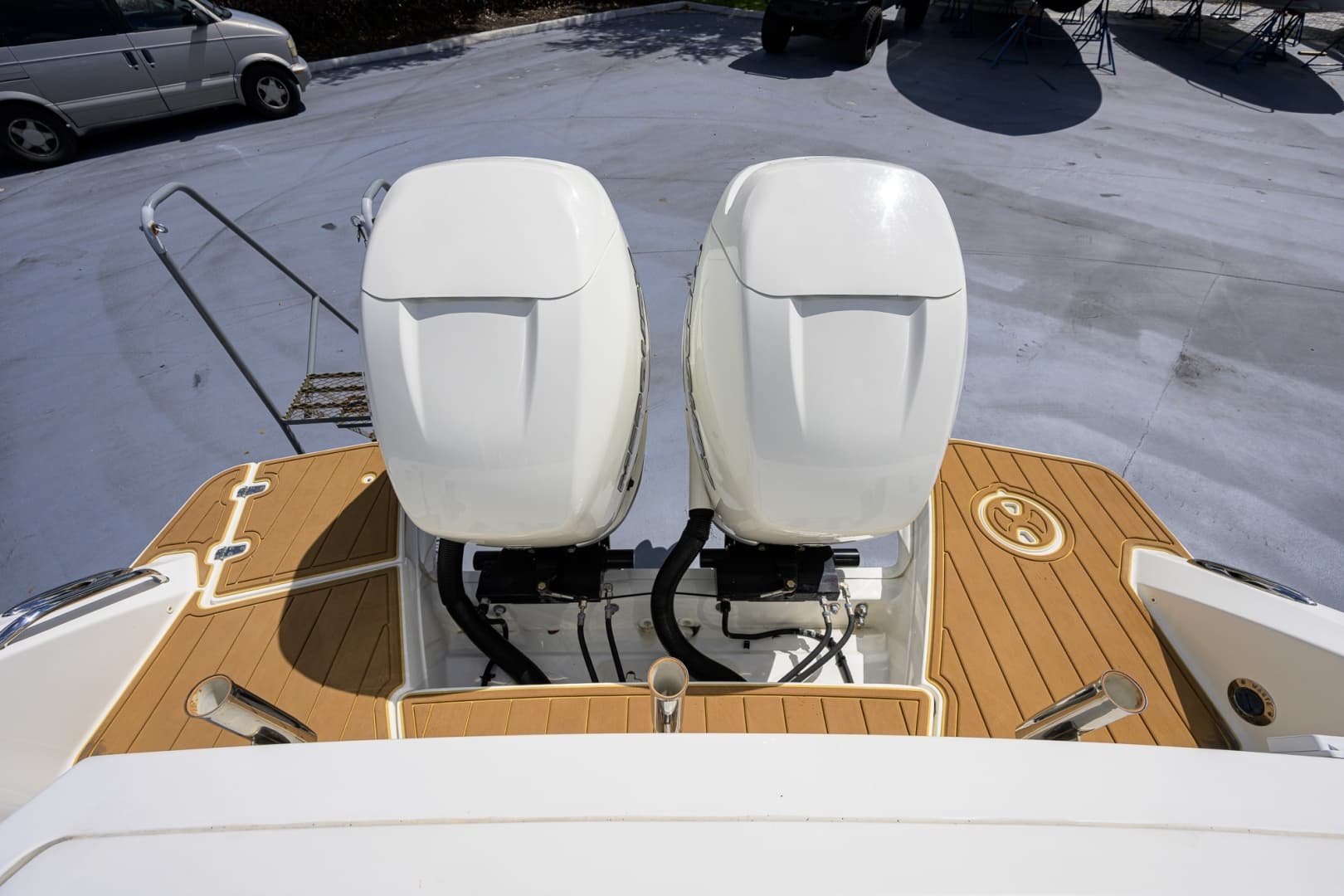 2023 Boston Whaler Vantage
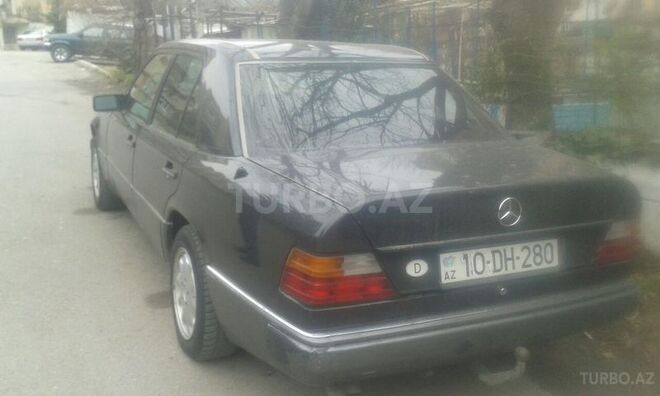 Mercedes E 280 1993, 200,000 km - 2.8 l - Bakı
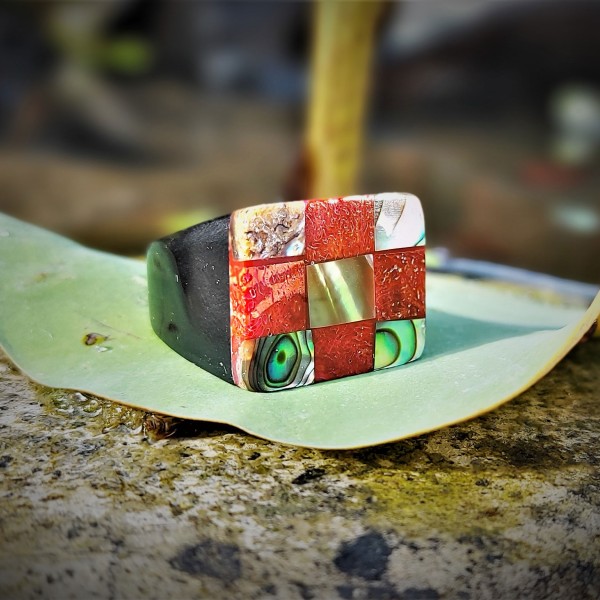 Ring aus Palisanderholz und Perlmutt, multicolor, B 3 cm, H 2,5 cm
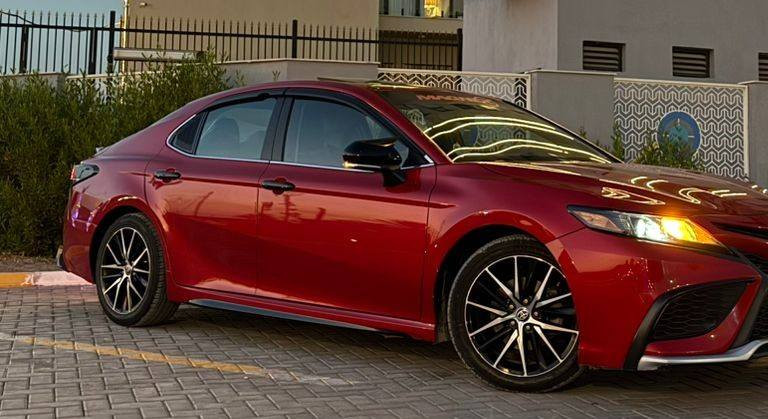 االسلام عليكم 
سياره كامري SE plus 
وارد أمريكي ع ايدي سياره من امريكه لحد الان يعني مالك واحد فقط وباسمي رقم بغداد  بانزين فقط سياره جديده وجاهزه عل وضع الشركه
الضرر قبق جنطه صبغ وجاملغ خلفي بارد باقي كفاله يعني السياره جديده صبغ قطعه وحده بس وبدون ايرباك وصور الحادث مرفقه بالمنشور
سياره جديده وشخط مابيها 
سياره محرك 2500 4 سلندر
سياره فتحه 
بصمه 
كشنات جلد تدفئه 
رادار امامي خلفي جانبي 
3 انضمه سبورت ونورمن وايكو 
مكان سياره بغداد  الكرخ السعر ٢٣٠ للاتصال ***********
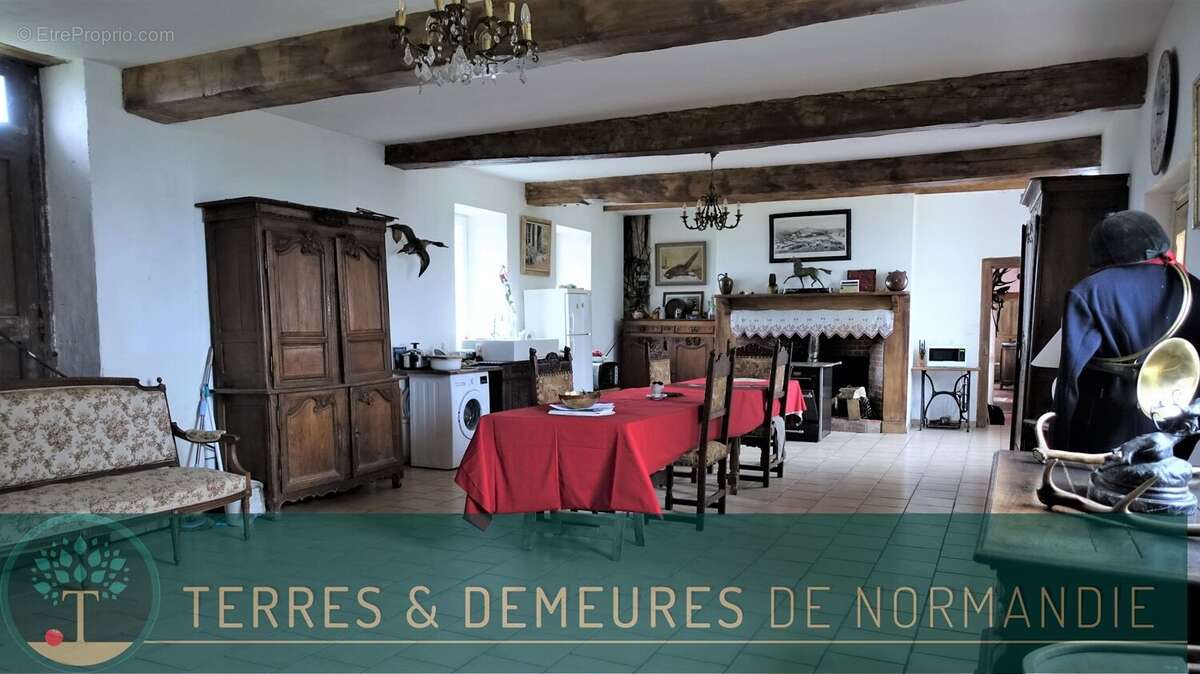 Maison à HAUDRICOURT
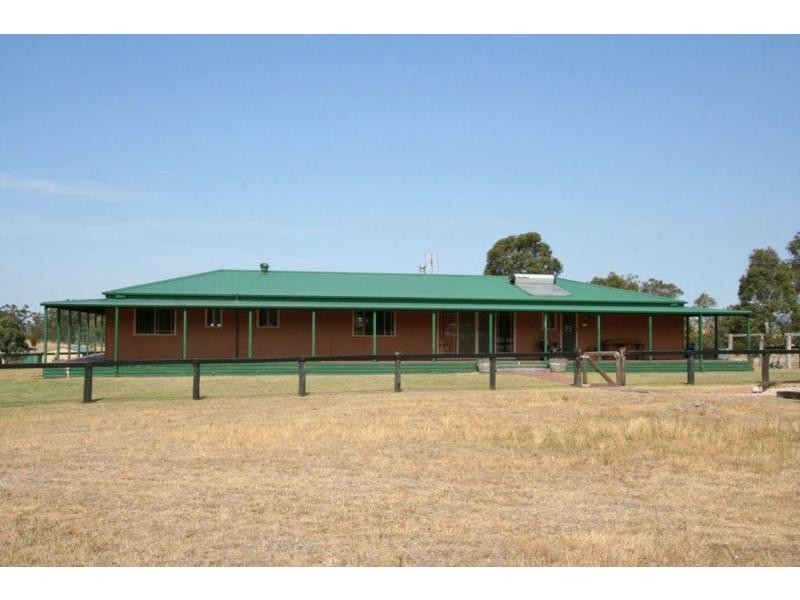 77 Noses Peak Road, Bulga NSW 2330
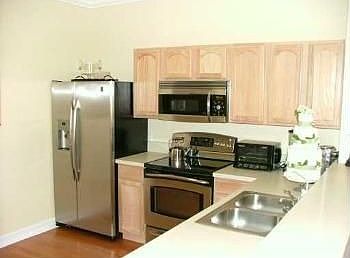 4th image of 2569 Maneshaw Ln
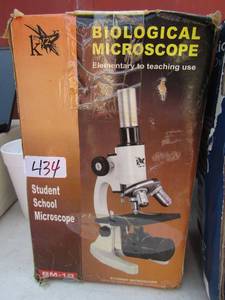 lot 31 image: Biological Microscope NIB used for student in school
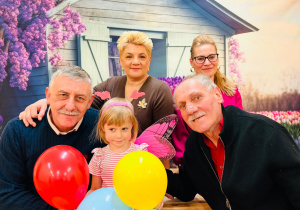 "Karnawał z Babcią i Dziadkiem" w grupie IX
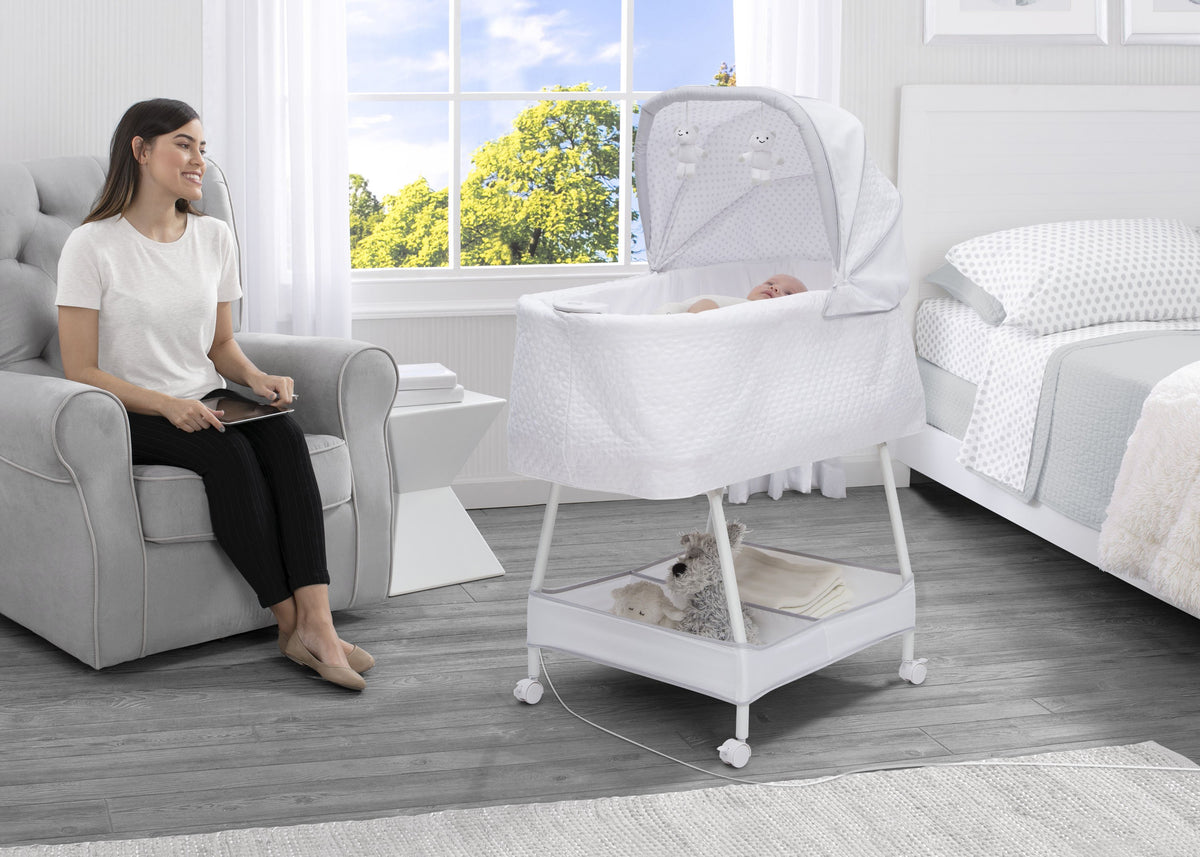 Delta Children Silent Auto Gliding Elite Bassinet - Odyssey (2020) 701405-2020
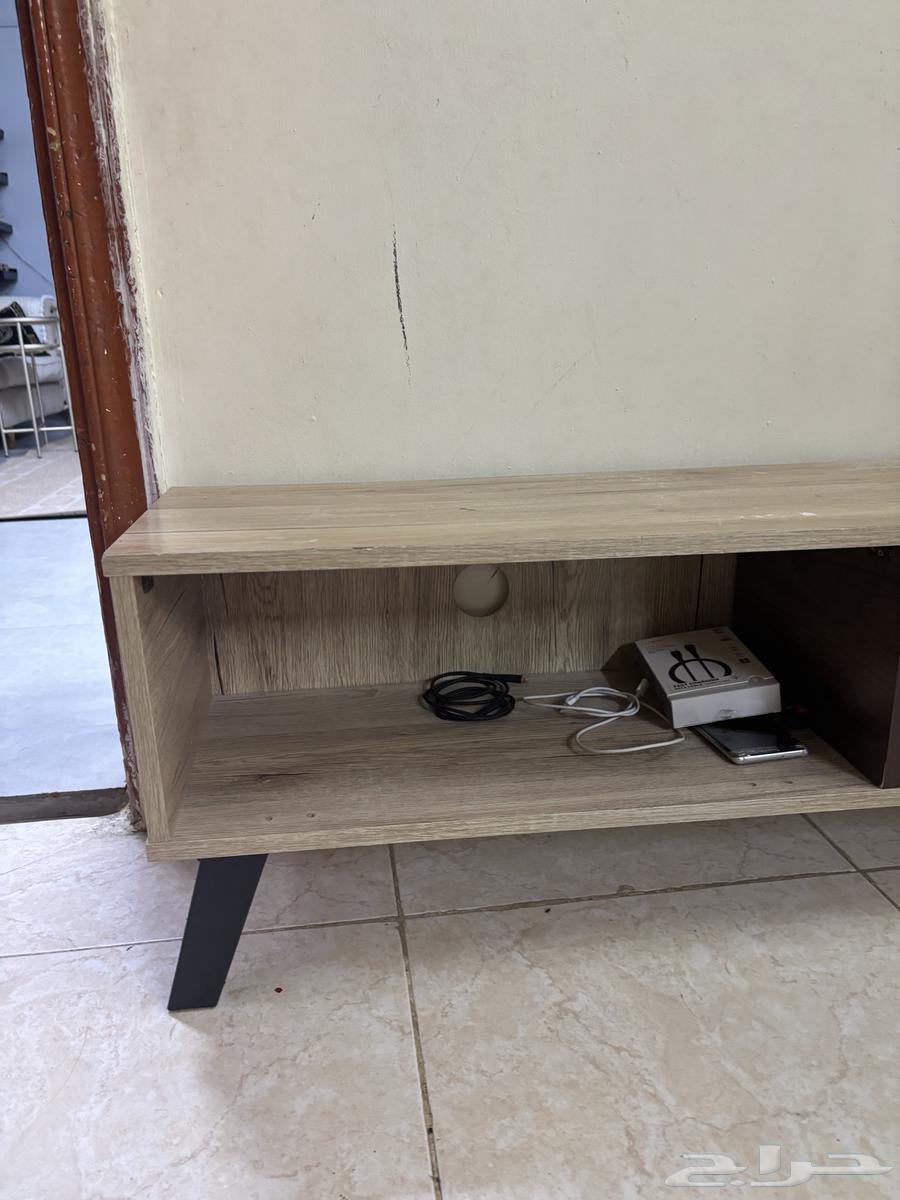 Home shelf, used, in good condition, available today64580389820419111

Task goal>
Write out again exactly the lines above from the one with "Mercedes E 280" through the one with "وارد أمريكي ع", adding no other lines and no pictures.

Reply to the exercise>
 Mercedes E 280 1993, 200,000 km - 2.8 l - Bakı
 Ring aus Palisanderholz und Perlmutt, multicolor, B 3 cm, H 2,5 cm
 االسلام عليكم 
سياره كامري SE plus 
وارد أمريكي ع ايدي سياره من امريكه لحد الان يعني مالك واحد فقط وباسمي رقم بغداد  بانزين فقط سياره جديده وجاهزه عل وضع الشركه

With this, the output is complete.